MR. MURPHY:  But the Leno thing will be good from a voter contact point of view.  It’s big, it’s flashy...

MR. SHRUM:  Right.

MR. MURPHY:  ...and there’ll always be another New Hampshire debate.  The question will be can he go into the real media grinder and impress some people with some depth?  That, I think, is what he has at stake, and we’ll see.

MS. MATALIN:  Well, he spent two terms in the Senate, come on.  Look...

MR. MURPHY:  No, I think he has the potential to, but he hasn’t done it yet.

MS. MATALIN:  ...he has very high expectations and there’s land mines out there, millions of dollars...

MR. RUSSERT:  Before we take a break—before we take a break and talk about the Democrats, I do want to talk about Iraq because a Government Accountability Office draft report came out this week.  General Petraeus will be coming back from Iraq within 10 days with another report.  Here’s the way The Washington Post described the most recent draft report from the GAO. Support—“Report finds little progress in Iraq goals,” “draft at odds with White House.  Iraq has failed to meet all but three of 18 congressionally-mandated benchmarks for political and military progress, according to the draft GAO report.  The document questions whether some aspects of a more positive assessment by the White House last month adequately reflected the range of views the GAO found within the administration.

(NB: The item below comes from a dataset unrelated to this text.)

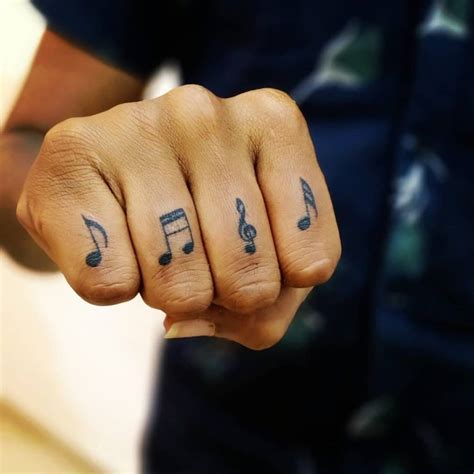 Aggregate more than 71 music note hand tattoo latest - in.cdgdbentre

“The strikingly negative GAO” report “comes as the White House prepares to deliver its own benchmark report the second week of September, along with congressional testimony from Amy General David Petraeus, the top U.S. commander in Iraq, and Ambassador Ryan Crocker.” They’re “expected to describe significant security improvements and offer at least some promise for political reconciliation in Iraq.”

Mary Matalin, if the war in Iraq is going on in November of ‘08, the way it is today, can the Republicans win?

MS. MATALIN:  Yes, because what we’re seeing for the first time last week, is a majority of people now support and believe that the war can be won.  This leaked negative aspect of the GAO report, which in no way measured the progress on the things that really matter:  Are the Iraqis making a difference?  Did not report on the Sunni split thing, did not report on the provincial progress, did not report on the political reconciliation, did not report on the religious reconciliation.  It does not comport with the critics of the president who say progress is being made, including front-runners Hillary Rodham Clinton and, and Barack Obama.  So people are very nuanced about this.  They understand not only that it can be won, but that it must be one.  They understand the consequences of defeat.  Further, two thirds of them trust—and nobody more than the generals—when Petraeus and Crocker come and give their report, that will be the positive time.

MR. SHRUM:  I hope, I hope the Republican hires you to make that argument in November of 2008.

MS. MATALIN:  I’ll make that happily.

MR. SHRUM:  Because let me tell, let me tell you something, this Petraeus report is going to be the eighth, ninth or 10th iteration of mission semi-accomplished.  It’s going to be the same thing General Westmoreland did just before the Tet Offensive when he came back and said there was light at the end of the tunnel.  We are bogged down in a civil war in Iraq, the country wants to get out.  I think you should run a Republican candidate who says, “Let’s stay indefinitely.”

MS. MATALIN:  Hillary doesn’t think that.  Obama doesn’t think that.

MR. SHRUM:  No, Hillary says we need to get out—wait a minute!

MS. MATALIN:  Baird doesn’t think that.

MR. SHRUM:  No, no, Hillary says we need to get out—wait a minute.  Hillary says we ought to get out of Iraq.

MR. MURPHY:  No, she doesn’t.

MR. SHRUM:  She ways we ought to get out of Iraq.

MR. RUSSERT:  Bob Shrum, will the election of November ‘08, presidential election, be a referendum on Iraq?

MR. SHRUM:  If, if the war is anywhere near what it is now, if Bush doesn’t come to his senses and begin to withdraw troops, I think it will be a referendum on Iraq, and I don’t think the Republicans have a chance.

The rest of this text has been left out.